I'm not sure I understand this distinction you're making.


Quote:
I'm not sure where I wrote this, and not even sure I have on this forum but... I can't speak of something "authoritatively" unless it's my own. So when I mention differences between polyamory and monogamy, I'm speaking of my experience with them, not with the nebulous thigns that are "poly" and "mono". I mean, at the very core, both poly and mono revolve around how INDIVIDUALS relate and I'm very much an individualist. So I ALWAYS imply an "in my experience" or "my opinion is" in every statement I make. There are exceptions to every rule when it comes to complex people, and I fully recognize that. I don't mean to paint all people in a collective with the same brush, I merely mean to share my experiences on the subject.

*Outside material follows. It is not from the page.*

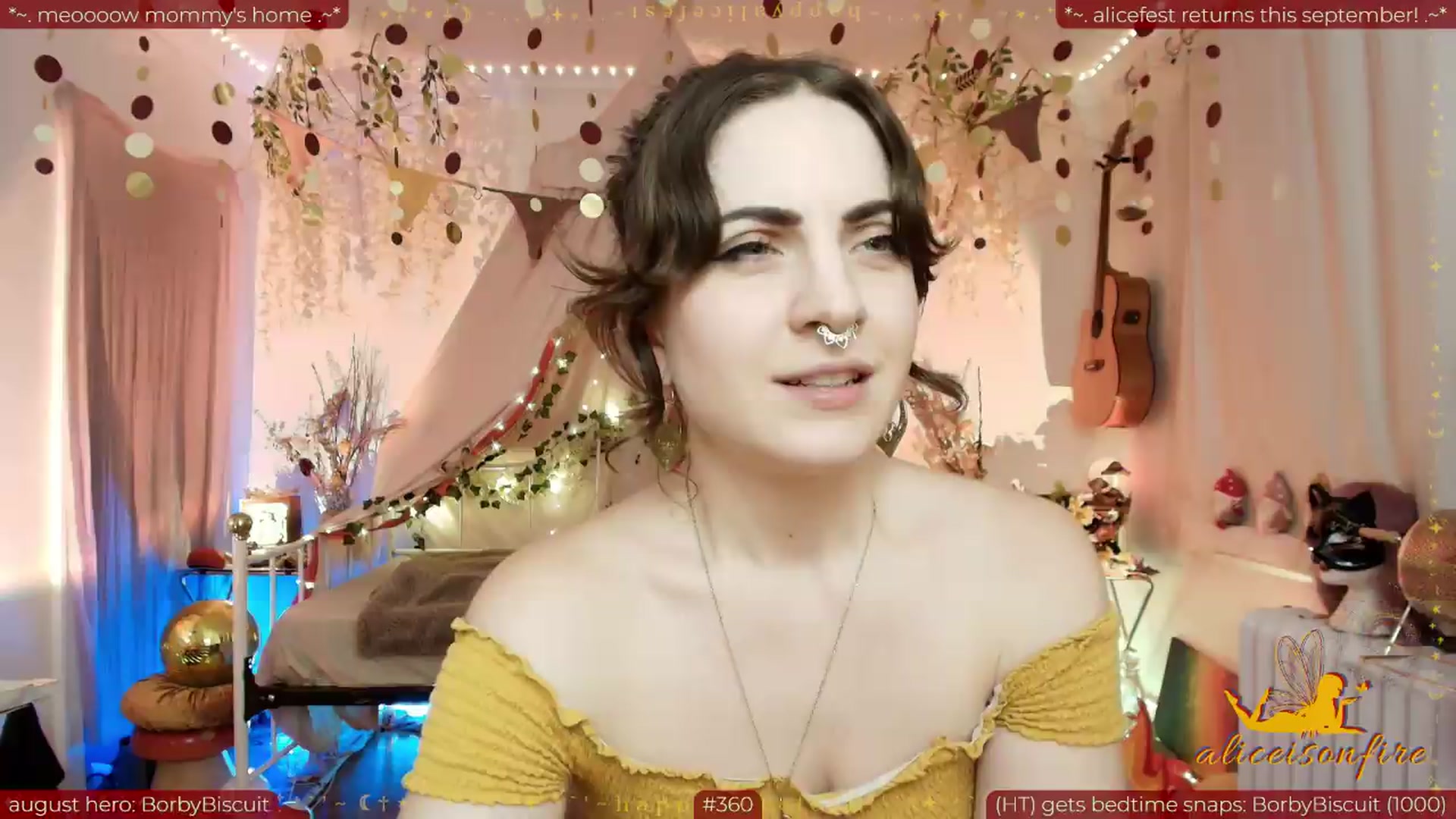 Gallery image thumbnail from aliceisonfire's myfreecams stream on, 08/08/2026, 05:06 image 5 of 20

I've often seen abuse of the "in my experience" qualifier as a way to absolve ideas from being examined or questioned because it comes from their experience (I'm not saying that you're doing that, though). However, many times the ideas that are generated by an experience seek to define what lies beyond that experience. You offered your experience that lead to your reasoning for why you think there may be mono values. So in a way, you're seeking to use your experience to define something beyond your experience.

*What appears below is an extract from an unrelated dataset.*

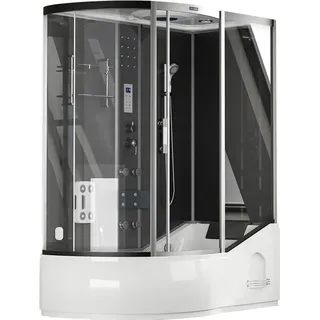 Home Deluxe Dampfdusche ALLIN 4in1 - Schwarz Links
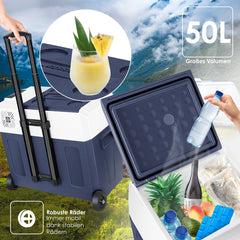 Compressor Koelbox elektrisch - Coolbox - Frigobox - 50L - Blauw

A simplistic exaggerated example would be something like this: "In my experience, men have always been the cheating type." That kind of statement implies that men are prone to cheating as evidence of my experience without lending credence to the fact that my experience is very limited in that situation. If that got questioned, it would be the idea that men are prone to cheating that gets questioned. I wouldn't be questioning whether the person making that statement actually really experienced being cheated on by a man. Certainly some men are the cheating type. But one person's experience isn't sufficient to define the nature of men in general.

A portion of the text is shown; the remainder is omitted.